Cadê a Elba?

Leandro Godinho
Peço perdão
Published in
3 min readMay 29, 2015
Essa simpática perua derrubou um presidente (Imagem: Revista Exame)

Uma das razões pelas quais Game of Thrones e House of Cards fazem sucesso são os seus vilões. Frank Underwood, Cersei Lannister e Petyr ‘Littlefinger’ Baelish encarnam diferentes versões de um tipo mau como o Pica-Pau. Parte da euforia que tais vilões despertam no público vem de seus estrategemas que visam, tanto nos Sete Reinos, quanto nos EUA, acumular poder — poder político.

Tanta cobiça entrelaçada em grandes roteiros acabaram por despertar, pelo menos aqui no Brasil, comparações entre os vilões das ficções e algumas figuras da vida real, em particular, o deputado federal Eduardo Cunha, eleito presidente da Câmara e, por consequência, o 2º nome na linha sucessória em caso de vacância da Presidência da República, logo atrás do vice-presidente.

É aqui onde a ficção começa a perder contato com a realidade.

Tem um ponto na primeira temporada de House of Cards onde seus roteiristas estabelecem, por meio de um monólogo, sob que prisma irá agir Underwood & cia. Frank almoça com um lobista, Remy Danton (o sempre excelente Mahershalalhashbaz Ali).

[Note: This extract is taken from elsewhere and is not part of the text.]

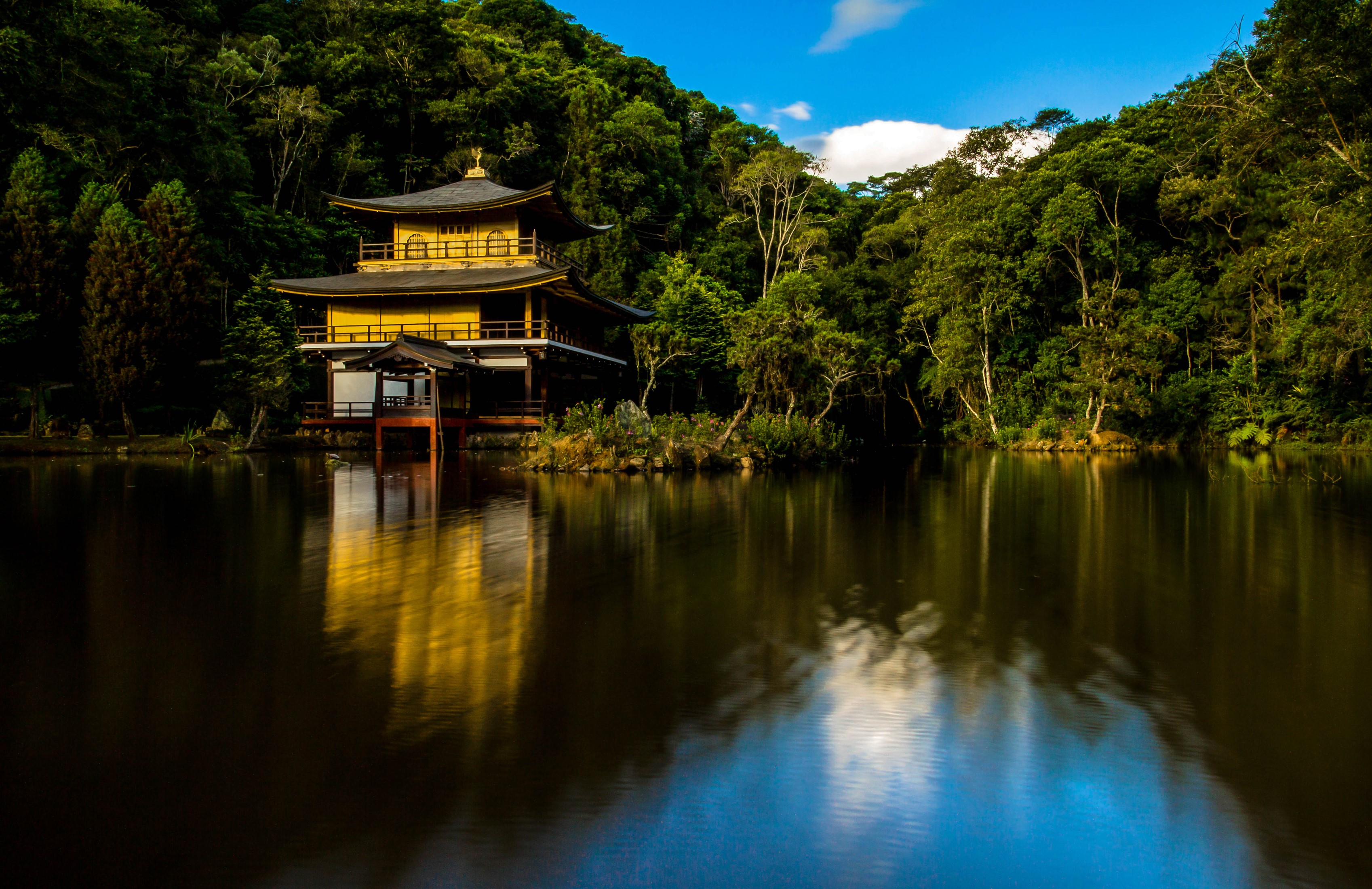 Golden Pavilion Temple reflected in a lake surrounded by trees HD Wallpaper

Ao cabo do almoço, Frank explica seu ponto de vista para nós — o dinheiro é algo que pode ruir, o poder permanece.

Hm.

Admito, a frase, dita na tela, é impactante. Só que é mentirosa.

Tem um ponto especificamente em House of Cards (Game of Thrones é mera fantasia, por mais que seus criadores forcem uma barra, estamos lidando com dragões, gigantes e zumbis; fantasia) que me incomoda e é o seguinte: há lobistas, há disputas por quaisquer polegadas de poder, disputas partidárias, articulações para derrubar ou emplacar candidatos, há tudo aquilo que ocupa espaço em noticiários políticos, menos um singelo detalhe. Não há grana.

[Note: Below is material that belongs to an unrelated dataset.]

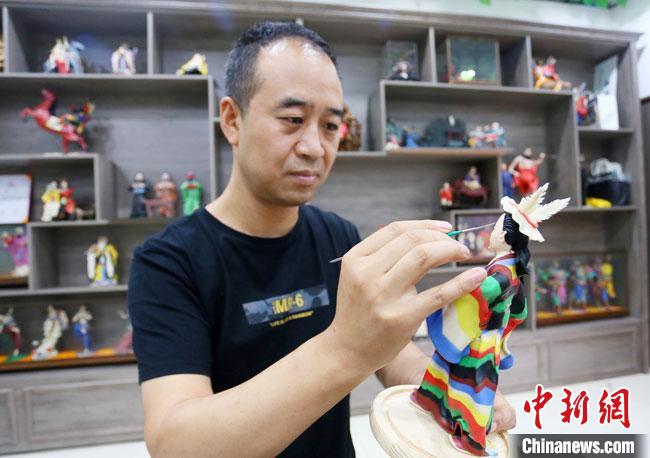 圖為安秋平正在創(chuàng)作代表隴南文縣民俗的《白馬人》作品?！「哒?攝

Fica parecendo aqueles softporns que passam na tv de madrugada, sacam? Você vê a sacanagem rolando, mas aquelas poses definitivamente não convencem.

Quero dizer, a presença de Remy Danton, lobista de uma indústria de gás natural e tão ligado ao casal Underwood sugere (mas não mais do que isso) que pode ter algum caroço nesse angu, só que é pouco, bastante pouco. Na grande trama, Underwood só move seus peões em seus próprios interesses e, quando convém, nos interesse de sua mulher. A gente não enxerga a grana, ou quem financia sua campanha, ou quem está satisfeito com a sua presença ali na Câmara dos Deputados e ali nas entranhas do poder.

Acontece que os EUA são o país mais capitalista de todos e lá, como aqui, congressistas são eleitos muito porque são postos no poder para votar leis que favoreçam seus patrocinadores. Não tem choro nem vela.

Lá, como aqui, esses croquis de Maquiavel não figuram na política defendendo ideias retrógradas ou batendo de frente com mandatários eleitos por mero caráter ou vontade pessoal: eles recebem bem pra isso. Esse é o ponto onde poder e grana sempre se encontram — a grana pode não nascer poderosa, mas se quiser compra o poder e dá no mesmo. Grana é sempre grana.

No congresso, não duvide, essas figuras que muito aparecem, não o fazem por mero acaso. Cabe a nós investigar de onde elas surgiram, onde arrumam votos, que plataforma defendem e, claro, quem é que investe grana para que eles façam campanha. Nosso popular Eduardo Cunha recentemente se valeu de artimanhas notórias para aprovar (falta ainda o Senado confirmar) o financiamento empresarial de campanhas a partidos políticos; não moveu esforços tremendos apenas porque pretendia magoar Dilma Rousseff, vos garanto.

Tanto House of Cards como Game of Thrones, até aqui, muito mostraram que na disputa pelo poder suas personagens tornam-se capazes de basicamente tudo, mas ambas se furtam a mostrar o quão junto da grana e da cobiça caminham os desmandos dos poderosos. Aqui no Brasil mesmo, tivemos o caso de um político que saiu de muito longe das capitais, ganhou capas de revistas, editoriais, closes de tvs e chegou a Presidência da República.

Caiu porque descobriram de onde vinha a grana.